*** Opening of RECORDS SUPPLIED ***
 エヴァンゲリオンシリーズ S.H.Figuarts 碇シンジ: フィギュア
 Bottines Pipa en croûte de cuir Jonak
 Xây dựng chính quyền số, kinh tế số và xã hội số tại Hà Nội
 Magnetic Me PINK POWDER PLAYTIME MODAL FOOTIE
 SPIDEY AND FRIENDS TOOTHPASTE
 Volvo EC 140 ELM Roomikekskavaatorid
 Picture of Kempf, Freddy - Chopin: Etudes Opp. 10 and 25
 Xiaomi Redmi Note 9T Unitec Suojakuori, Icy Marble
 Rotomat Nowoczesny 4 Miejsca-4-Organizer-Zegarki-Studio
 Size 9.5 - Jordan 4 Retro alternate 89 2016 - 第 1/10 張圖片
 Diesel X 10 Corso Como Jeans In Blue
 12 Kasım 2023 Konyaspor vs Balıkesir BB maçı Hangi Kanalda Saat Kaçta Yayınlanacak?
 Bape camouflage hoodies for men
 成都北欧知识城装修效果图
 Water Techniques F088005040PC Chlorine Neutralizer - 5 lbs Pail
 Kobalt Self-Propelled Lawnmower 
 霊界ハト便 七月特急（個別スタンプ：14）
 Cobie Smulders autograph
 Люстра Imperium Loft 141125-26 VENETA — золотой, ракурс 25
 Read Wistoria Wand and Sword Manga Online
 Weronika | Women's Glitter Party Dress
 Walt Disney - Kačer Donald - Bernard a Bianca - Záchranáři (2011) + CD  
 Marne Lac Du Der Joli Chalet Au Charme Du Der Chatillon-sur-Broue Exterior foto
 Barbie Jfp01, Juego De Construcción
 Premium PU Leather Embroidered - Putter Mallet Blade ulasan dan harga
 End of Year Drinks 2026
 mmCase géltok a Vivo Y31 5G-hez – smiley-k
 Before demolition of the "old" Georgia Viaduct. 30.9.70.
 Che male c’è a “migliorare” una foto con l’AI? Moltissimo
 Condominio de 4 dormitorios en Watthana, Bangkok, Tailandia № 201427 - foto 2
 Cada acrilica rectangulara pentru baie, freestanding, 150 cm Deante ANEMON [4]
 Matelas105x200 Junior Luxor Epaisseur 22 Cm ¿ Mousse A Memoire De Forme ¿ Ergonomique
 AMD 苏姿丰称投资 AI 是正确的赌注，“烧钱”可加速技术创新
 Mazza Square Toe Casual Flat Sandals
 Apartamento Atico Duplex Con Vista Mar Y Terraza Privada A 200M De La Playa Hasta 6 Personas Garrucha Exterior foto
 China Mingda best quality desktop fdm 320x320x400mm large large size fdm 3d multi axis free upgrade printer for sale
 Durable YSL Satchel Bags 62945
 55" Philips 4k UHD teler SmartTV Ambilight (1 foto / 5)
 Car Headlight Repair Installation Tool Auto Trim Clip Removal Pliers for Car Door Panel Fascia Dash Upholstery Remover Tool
*** Close of RECORDS SUPPLIED ***
TASK OBJECTIVE | Your reply is to repeat, unchanged, the lines above running from the one with "Volvo EC 140 ELM Roomikekskavaatorid" up to and including the one with "成都北欧知识城装修效果图".

COMPLETED TASK |
 Volvo EC 140 ELM Roomikekskavaatorid
 Picture of Kempf, Freddy - Chopin: Etudes Opp. 10 and 25
 Xiaomi Redmi Note 9T Unitec Suojakuori, Icy Marble
 Rotomat Nowoczesny 4 Miejsca-4-Organizer-Zegarki-Studio
 Size 9.5 - Jordan 4 Retro alternate 89 2016 - 第 1/10 張圖片
 Diesel X 10 Corso Como Jeans In Blue
 12 Kasım 2023 Konyaspor vs Balıkesir BB maçı Hangi Kanalda Saat Kaçta Yayınlanacak?
 Bape camouflage hoodies for men
 成都北欧知识城装修效果图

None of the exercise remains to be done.